Wie auch Jungen mit GIS hatten sie zumeist keine engen gleichgeschlechtlichen
Freundschaften.
GIS bei Mädchen ist etwas anderes als die viel häufiger vorkommende
„Jungenhaftigkeit“ bei Mädchen („Wildfang“). Bei GIS weigern sich die Mädchen zwanghaft,
Mädchenkleidung zu tragen oder sich an Mädchenspielen zu beteiligen.
Jungenhafte Mädchen mögen für Mädchen untypische Interessen haben, sind aber
insgesamt in ihrem Verhalten flexibler.
Zucker und Bradley beschreiben das Mädchen, das eine GIS entwickelt, als
„ein von seinen Anlagen her leicht verletzbares Kind, das schnell ein hohes Maß
an Ängsten entwickelt“. Hinzu kommt eine Mutter, die Schwierigkeiten mit ihrem
Gefühlsleben hat und möglicherweise während des ersten Lebensjahres des
Mädchens depressiv ist. Häufig liegen Familienkonflikte vor, das Mädchen erlebt
den Vater als respektlos gegenüber der Mutter oder gegenüber Frauen allgemein.
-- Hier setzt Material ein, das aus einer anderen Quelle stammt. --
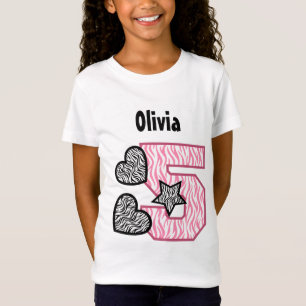5th Födelsedagzebra ränder fem - år V02B T Shirt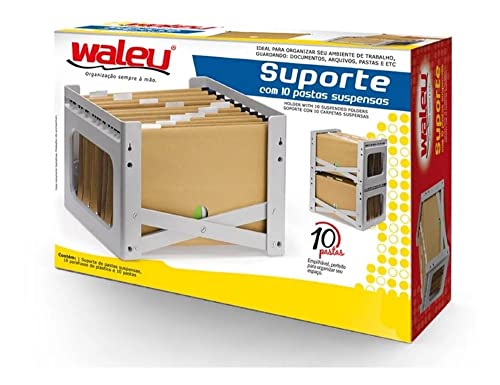 Suporte para pasta suspensa com 10 pastas, Waleu, 10200003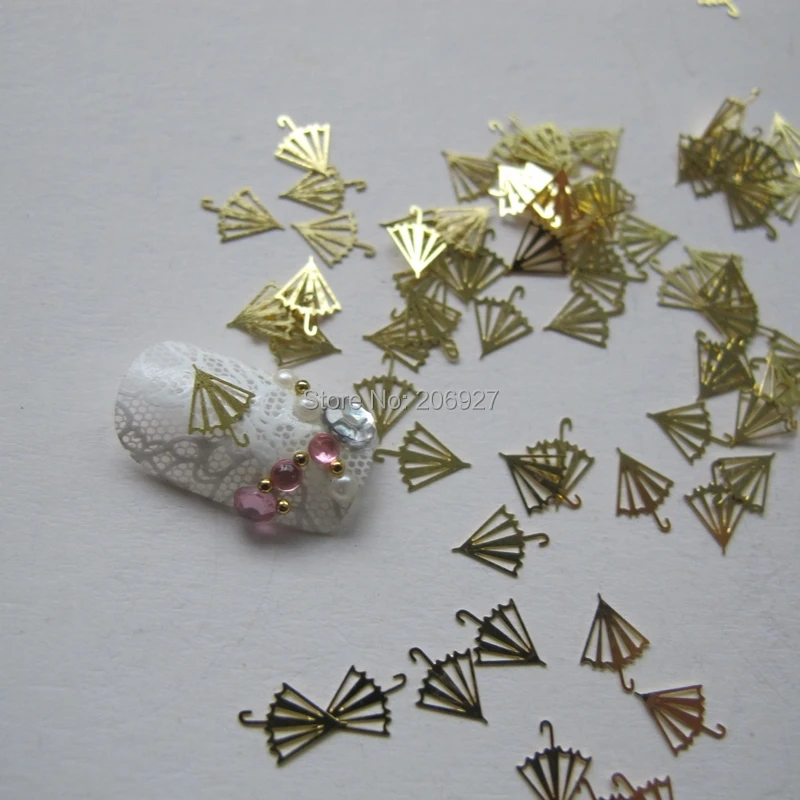 

MS154 100pcs Gold Cute Umbrella Deco Nail Art Metal Sticker Nail Art Decoration Non-adhesive Sticker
Das Mädchen „erlebt im Konflikt der Eltern eine Mutter, die nicht für sich
selbst einstehen kann“. Wenn das Mädchen dann „mit cross-gender Verhalten
beginnt, um seine Ängste zu verringern“, reagiert die Mutter meist positiv, da
sie glaubt, das männliche Verhalten wird ein Schutz für die Tochter sein. Möglicherweise
ermutigt auch der Vater zu cross-gender Verhalten. „Durch Identifikation mit
dem Aggressor kann das Mädchen die Fantasie entwickeln, Mutters Beschützerin zu
sein.“32 In manchen Fällen erinnern sich Frauen mit GIS, dass der Vater fortwährend
Frauen abwertete, insbesondere die Mutter.